A su derecha está José Antonio Kast, que va por su tercera elección consecutiva, pero por primera vez con un contingente nacional fuerte. Esto considera no solo los buenos resultados de la elección regional y comunal de 2024, sino que también la paliza electoral que le dio la victoria en la segunda convención constitucional.
Finalmente, está el outsider, el Enríquez-Ominami de la derecha: Johannes Kaiser, que llega a desordenar el panorama para todo lo que no esté del centro hacia la izquierda. La irrupción, incidentalmente potenciada por su oposición al proyecto de pensiones, entre otras cosas, nace de diferencias en estilos de liderazgo más que políticas de fondo, lo que refuerza la idea de que llega a pedir votos que normalmente irían a uno de los dos otros candidatos.

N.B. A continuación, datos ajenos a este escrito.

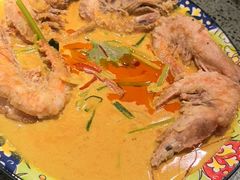 -Home Thai·泰谣(王府井apm店)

La irrupción es significativa por eso, pero sobre todo por el contexto político más amplio. Con la izquierda oficialista sin una respuesta, y la centroizquierda aletargada, el momento es preciso para la derecha. Es el escenario más favorable que ha tenido el sector en su historia, superando incluso las dos veces anteriores en que ganó Sebastián Piñera.
Por lo mismo, la irrupción de Kaiser es un arma de doble filo, que, si bien atrae atención a la derecha, al mismo tiempo amenaza con dividirla y debilitarla.
Considerando que todo traspaso de votos sería dentro de los candidatos de la derecha, en el mejor de los casos, pasarían dos candidatos del sector a la segunda vuelta, como ocurrió en la reciente elección de gobernadores en la Región de Los Lagos, forzando a los votantes a decidir entre estilos de liderazgo.
En el peor de los casos, sin embargo, Kaiser entraría como el fantasma de Enríquez-Ominami, no solo debilitando a la primera mayoría de la derecha, sino que además artificialmente dividiendo a su sector e, increíblemente, entregándole la victoria al oficialismo, que, sin mérito ni ganas, podría perfectamente repetirse el plato.